WORK ITEM:
Omit the pictures and return exactly the stretch of the material below from the line with "テレビでストリーミング: #tvN #孤独な訓練士tvN" through the line with "Chat observant curieusement une banane".

RECORDS TO USE:
==*==

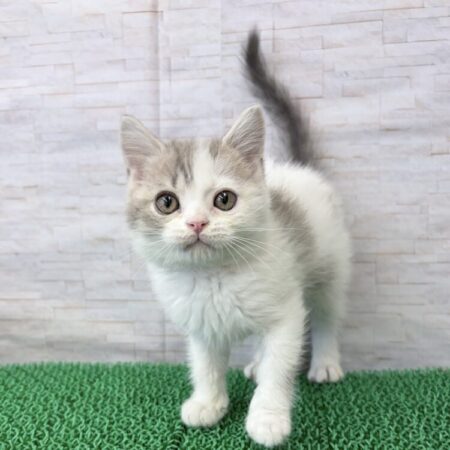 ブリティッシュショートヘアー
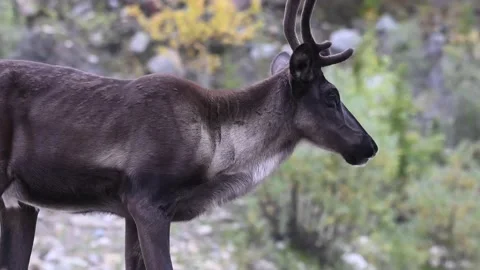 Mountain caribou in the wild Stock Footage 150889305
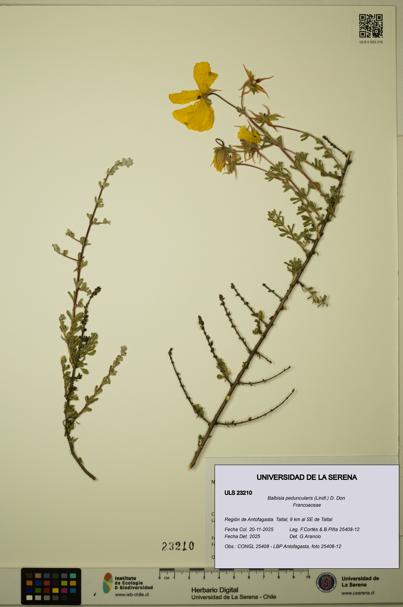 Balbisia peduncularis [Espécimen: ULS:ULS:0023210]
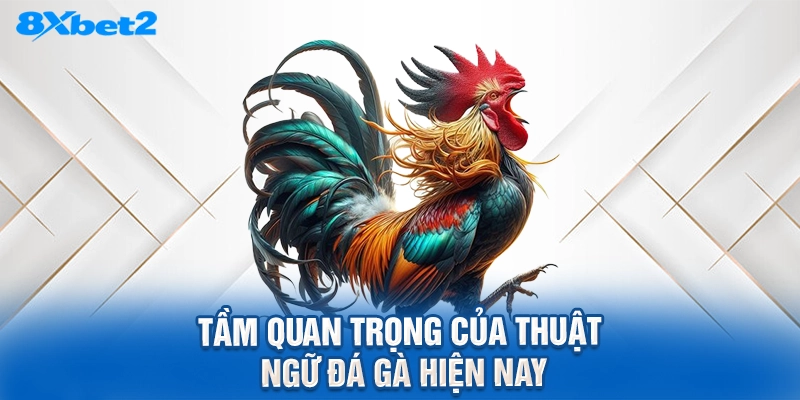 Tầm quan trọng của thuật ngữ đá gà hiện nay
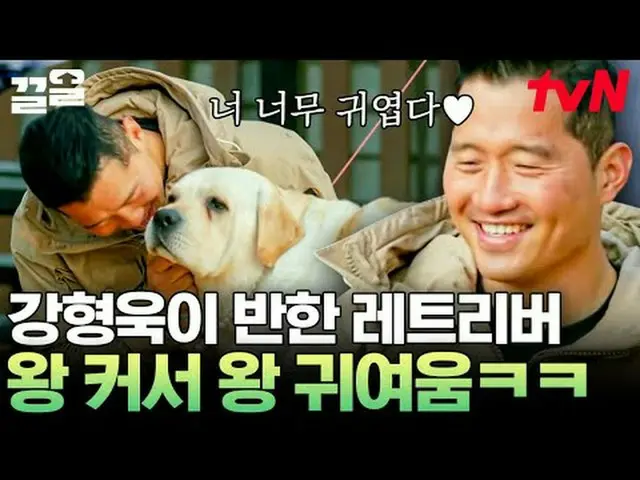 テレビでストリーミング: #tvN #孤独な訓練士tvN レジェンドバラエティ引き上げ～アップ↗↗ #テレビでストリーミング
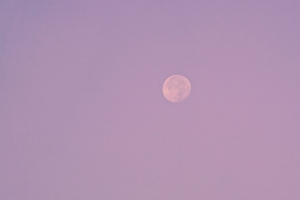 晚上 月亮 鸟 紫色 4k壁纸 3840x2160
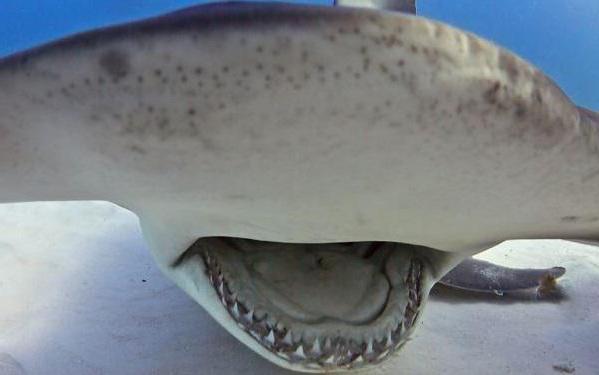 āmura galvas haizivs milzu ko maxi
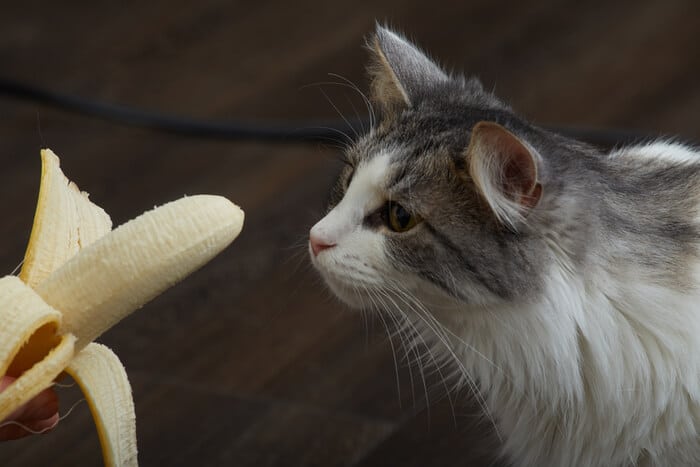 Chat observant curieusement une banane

==*==

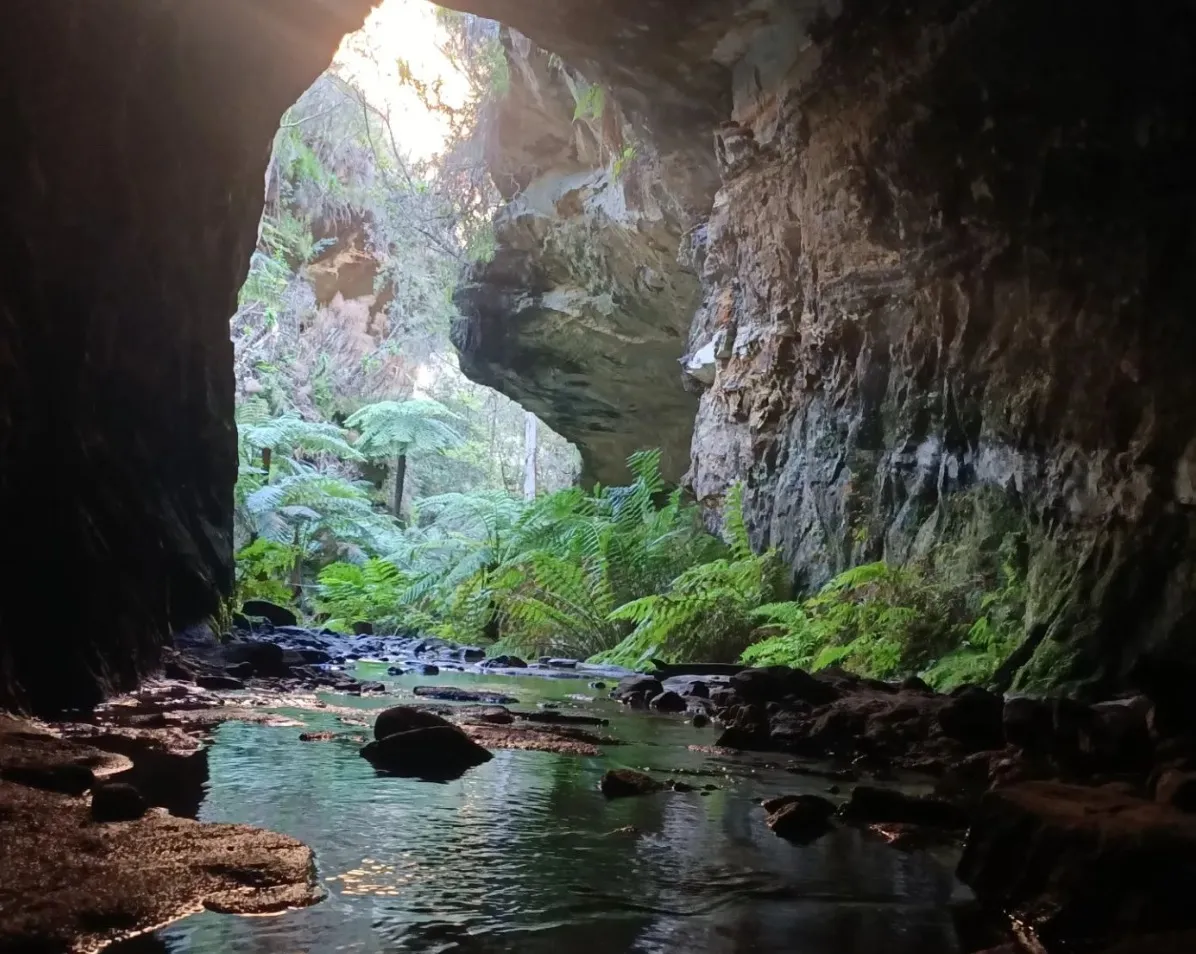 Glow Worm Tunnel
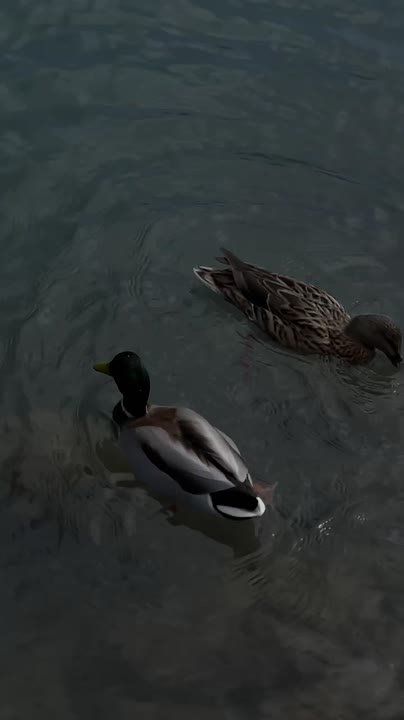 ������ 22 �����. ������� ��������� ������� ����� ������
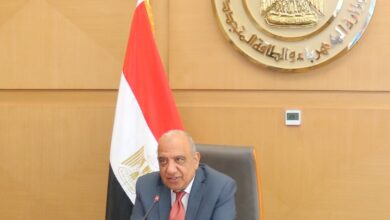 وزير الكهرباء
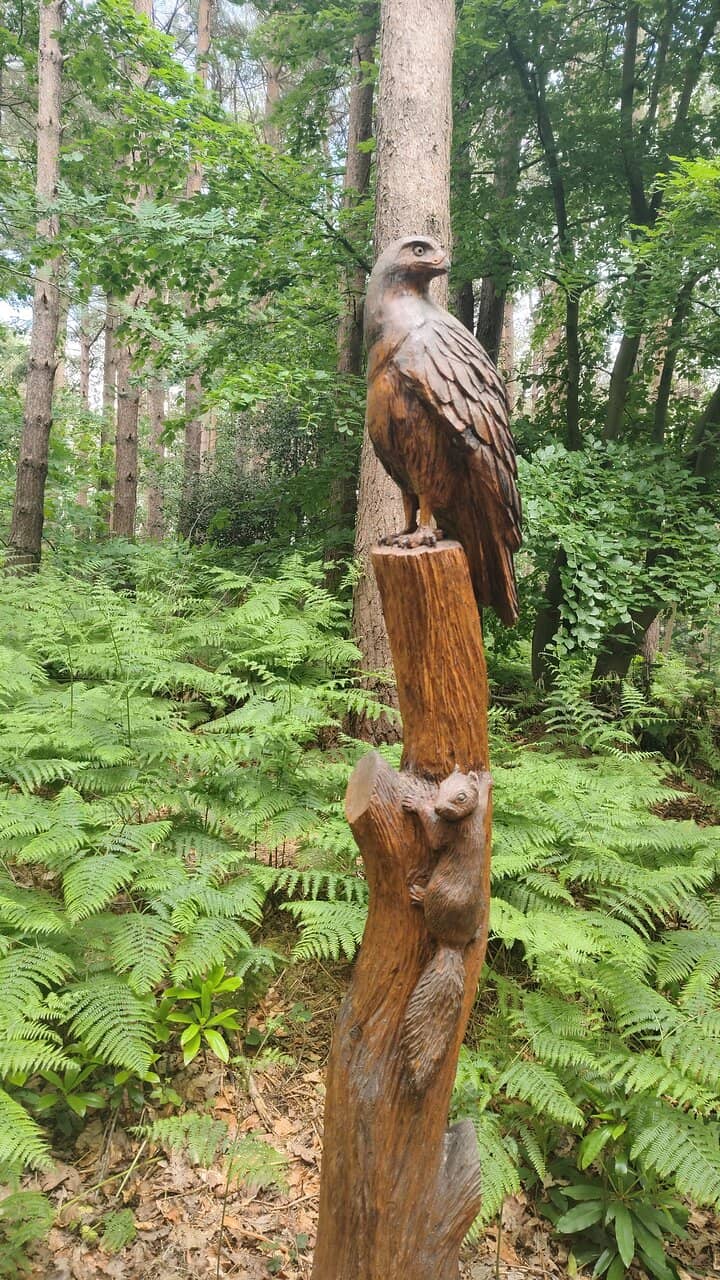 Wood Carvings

==*==

EXPECTED ANSWER:
 テレビでストリーミング: #tvN #孤独な訓練士tvN レジェンドバラエティ引き上げ～アップ↗↗ #テレビでストリーミング
 晚上 月亮 鸟 紫色 4k壁纸 3840x2160
 āmura galvas haizivs milzu ko maxi
 Chat observant curieusement une banane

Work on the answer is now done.